[[ Material to process, beginning ]]

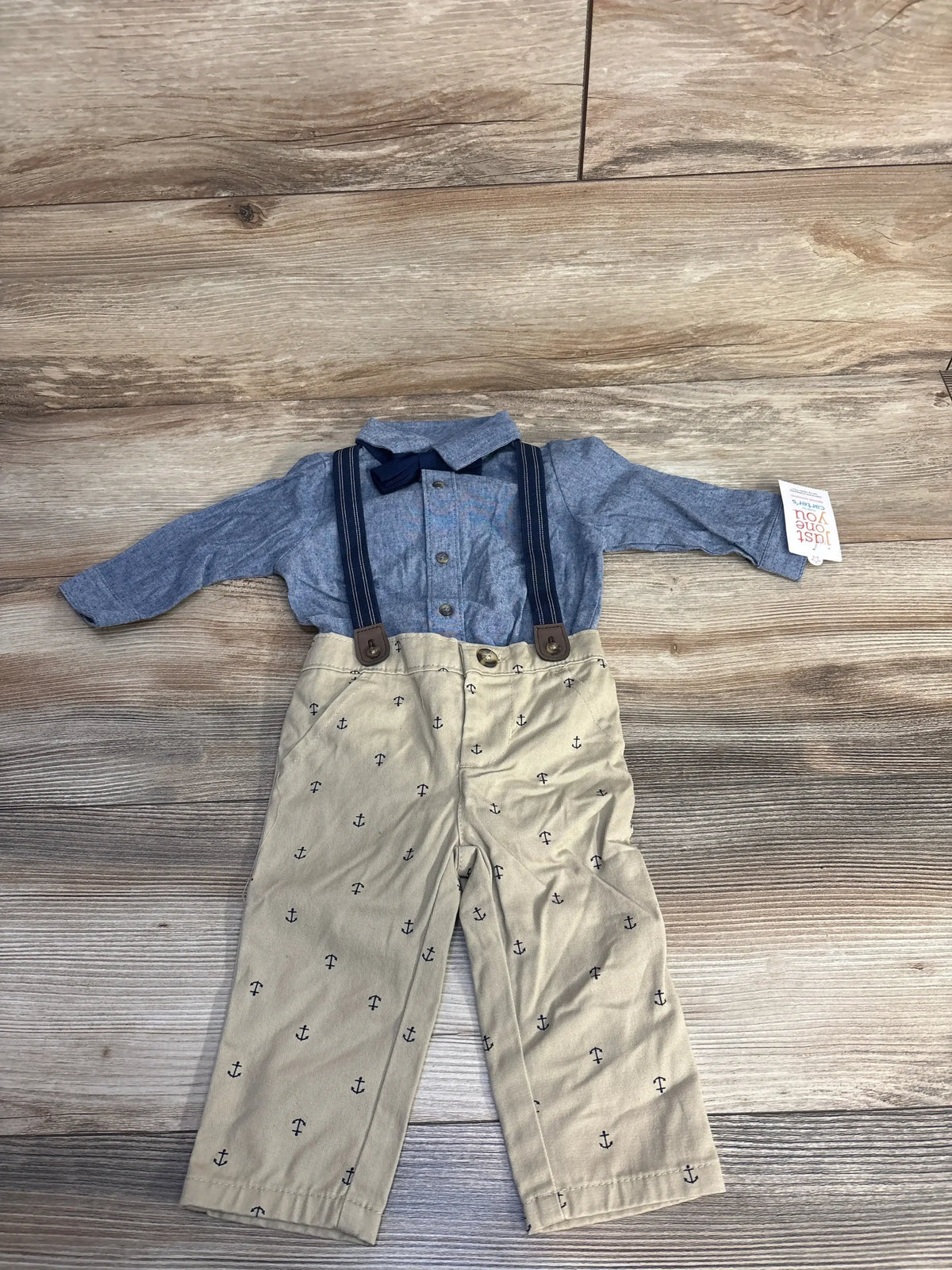 Toddler's nautical outfit with blue long-sleeve shirt, navy suspenders, bow tie, and beige anchor-patterned pants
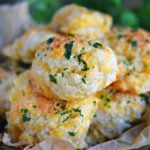 wood bowl filled with cheesy cheddar bay biscuits topped with a garlic herb butter.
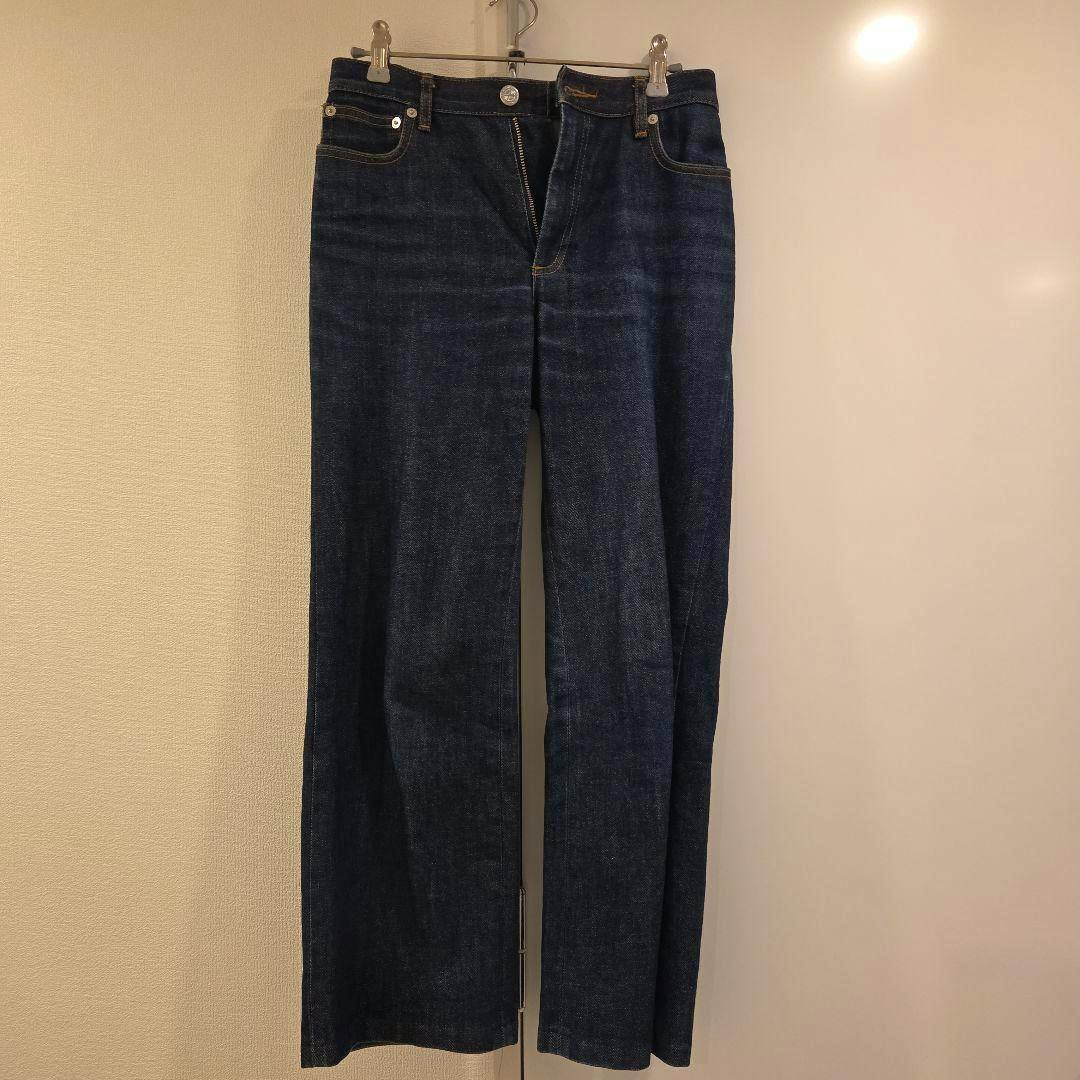 Front view of A.P.C. women's denim jeans (size 25) hanging on a clip hanger.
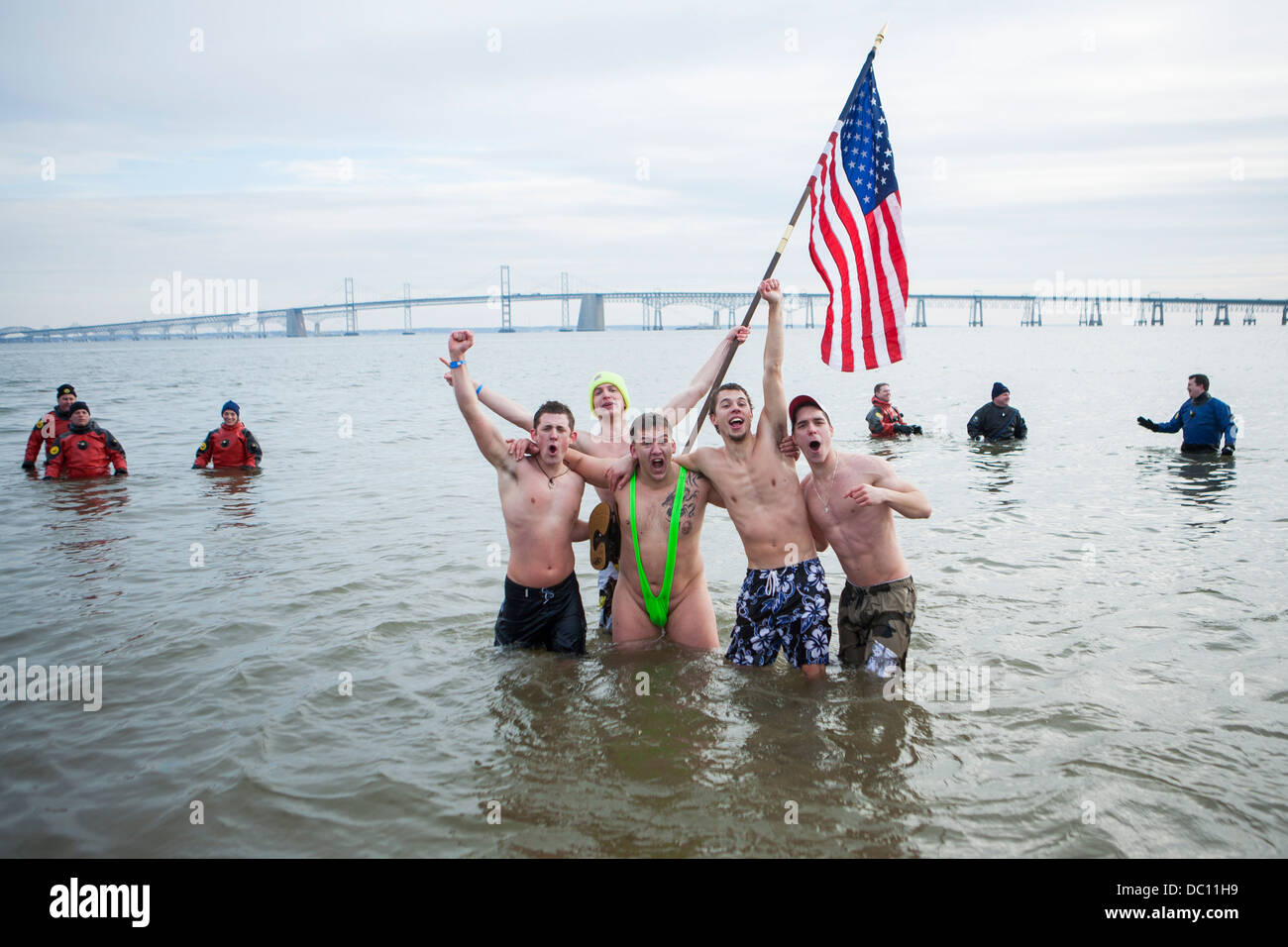 A polar bear plunge event where participants jump into ice cold water
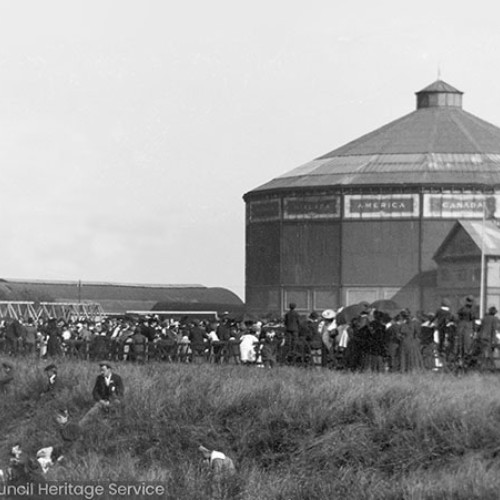 Crowds in front of octagonal shaped wooden building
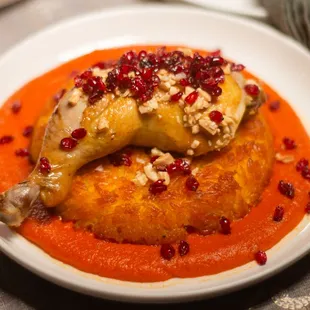 Safron chicken leg with apricot on crispy rice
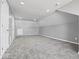 Spacious bonus room with grey walls and plush carpeting at 7279 W State Road 44, Shelbyville, IN 46176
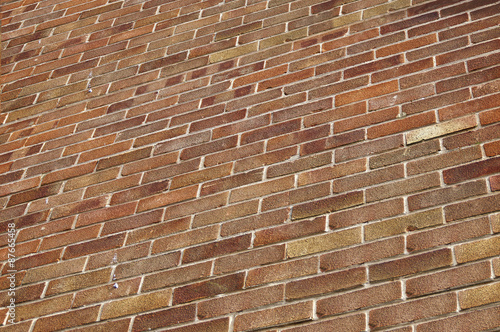 Close up of a high, red brick house wall at angle in perspective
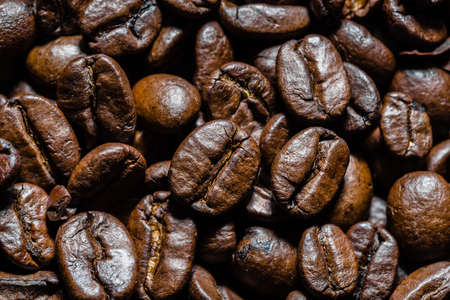Freshly roasted coffee beans backgroundの写真素材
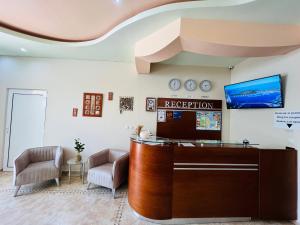 TV i/ili multimedijalni sistem u objektu Family Hotel Avenue 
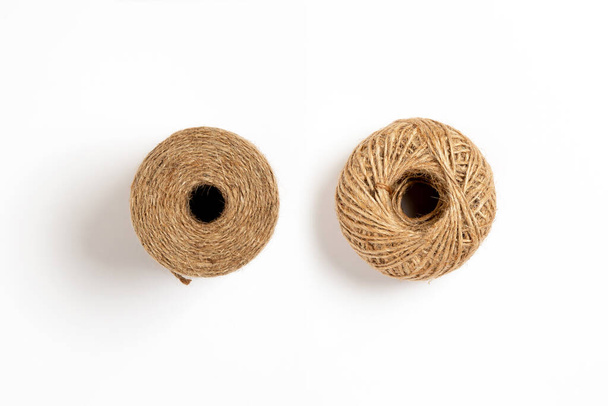 A skein of linen string, cord isolated. Coil of twine. Jute rope. Hemp thread isolated. A skein of brown wool for knitting on a white background. High-resolution photo. - Photo, Image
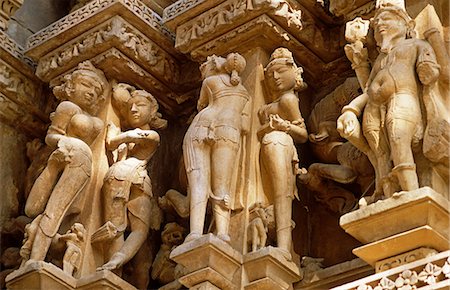 simsearch:862-06825847,k - Asia, India, Madhya Pradesh, Khajuraho.  Adinath temple.  Detail of the celestrial maidens carved in stone on the exterior. Stockbilder - Lizenzpflichtiges, Bildnummer: 862-06825842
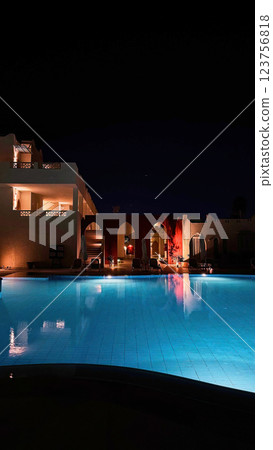 Night view of the hotel's illuminated swimming pool 123756818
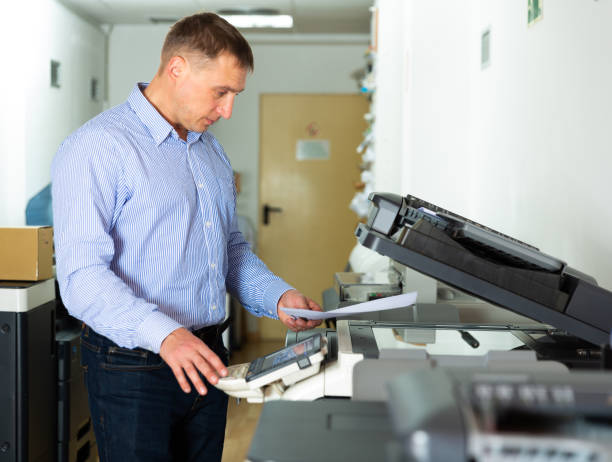 istock Worker is printing a file, document in the office room 1283817262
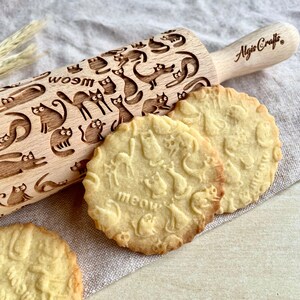 Rouleau à pâtisserie en céramique décoré de chats miaulants, idéal pour les pâtisseries maison. Création Algis Crafts.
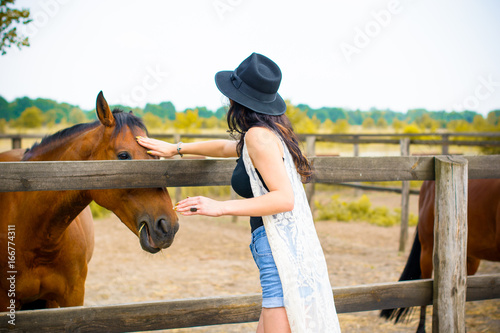 Woman in black hat with brunette curly hair and black dress and with horses on a farm, pets animals in village in a rancho. Horses are humans friends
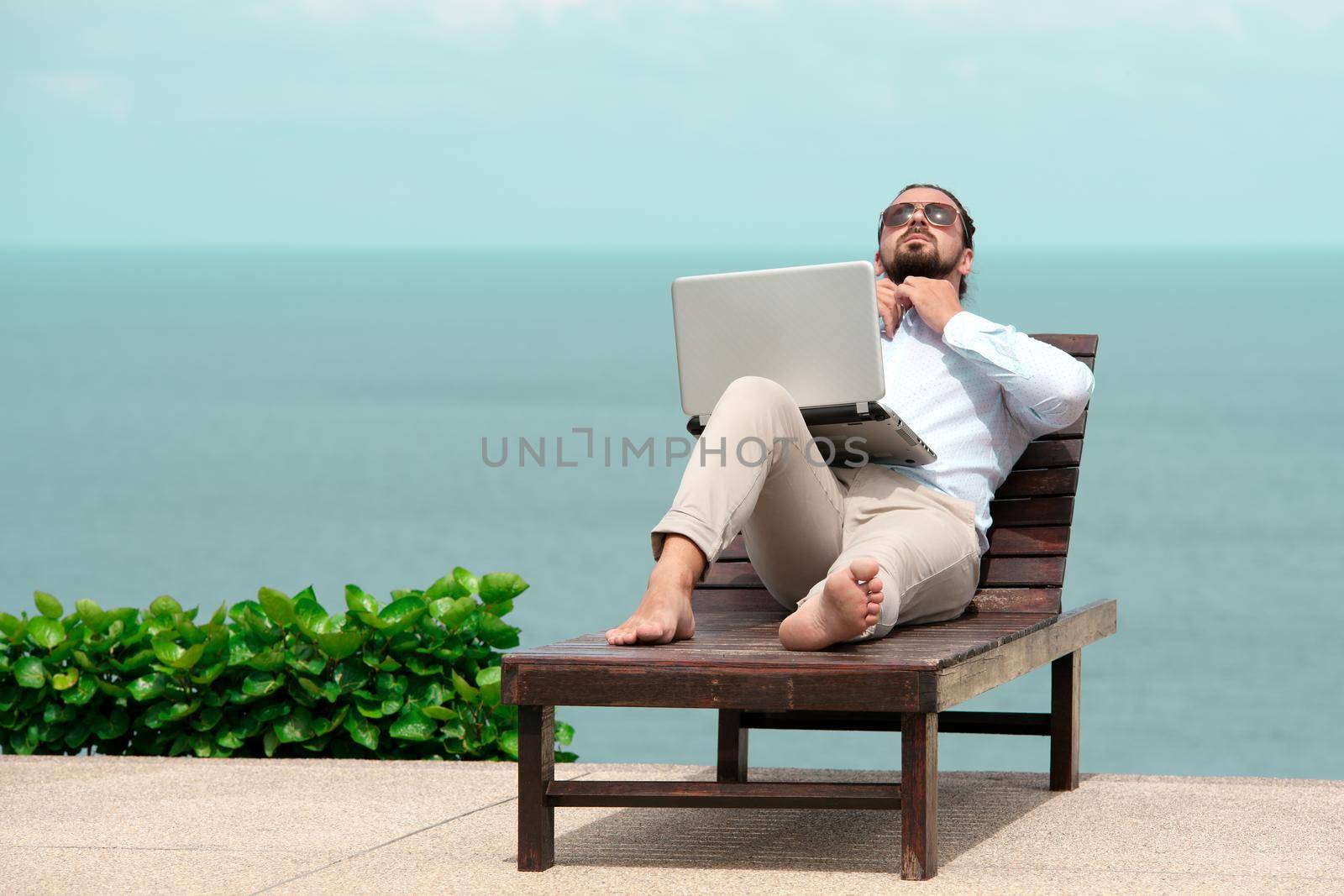 Businessman wearing a suit on deck chair typing laptop on the beach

[[ Material to process, end ]]

• What to produce:
Take only the lines above from the one that has "Crowds in front" through the one that has "Freshly roasted coffee beans backgroundの写真素材" and reproduce them exactly, omitting any pictures.

• Result:
 Crowds in front of octagonal shaped wooden building
 Safron chicken leg with apricot on crispy rice
 Spacious bonus room with grey walls and plush carpeting at 7279 W State Road 44, Shelbyville, IN 46176
 Close up of a high, red brick house wall at angle in perspective
Freshly roasted coffee beans backgroundの写真素材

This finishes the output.